A default judgment was entered under case HRE-CG 6479/24 in favour of Zvimba East Veterans Investment Company (Pvt) Ltd ("the company") against FBC Building Society. Five appellants, all associated with the company as directors or stakeholders, alleged that the default judgment was improperly obtained by the 1st respondent (Joe Chimonyo) without the knowledge of the company's other directors. They launched an application in the magistrates' court seeking rescission of that judgment. Because the rescission application was out of time, they first sought condonation for late filing. Crucially, the appellants did not cite the company itself (Zvimba East Veterans Investment Company) as a party to the rescission application. The magistrate upheld a preliminary point that the rescission application was incurably defective due to the non-joinder of the company, and on that basis refused condonation and dismissed the application. The appellants appealed to the High Court.

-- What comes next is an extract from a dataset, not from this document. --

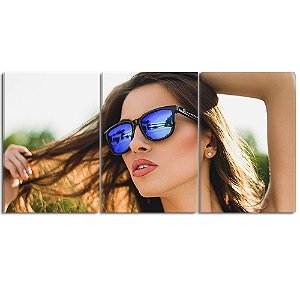Quadro Mulher Óculos de Sol Modelo 28x60
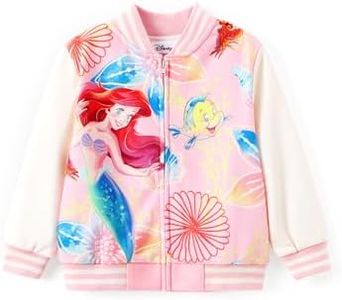 Disney Princess Toddler Girl Jacket Ariel Letterman Varsity Bomber Jacket, Trendy Tie-dye Print Lightweight Zip Up Jacket, Sweatshirt 3T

The appeal was dismissed with costs.
A party seeking to rescind a default judgment must cite as a respondent the party in whose favour that judgment was granted, as such party has a direct and substantial interest in the subject matter of the rescission application. Failure to cite a judgment creditor in an application to rescind the judgment in its favour constitutes fatal non-joinder. A company is a juristic person distinct from its members or officers, and relief that directly affects a company's legal rights (such as setting aside a judgment granted in its favour) cannot be granted in the absence of the company as a party, regardless of whether directors or shareholders claim to be protecting the company's interests. The principle of audi alteram partem requires that a judgment holder be given an opportunity to be heard before a judgment in its favour is set aside.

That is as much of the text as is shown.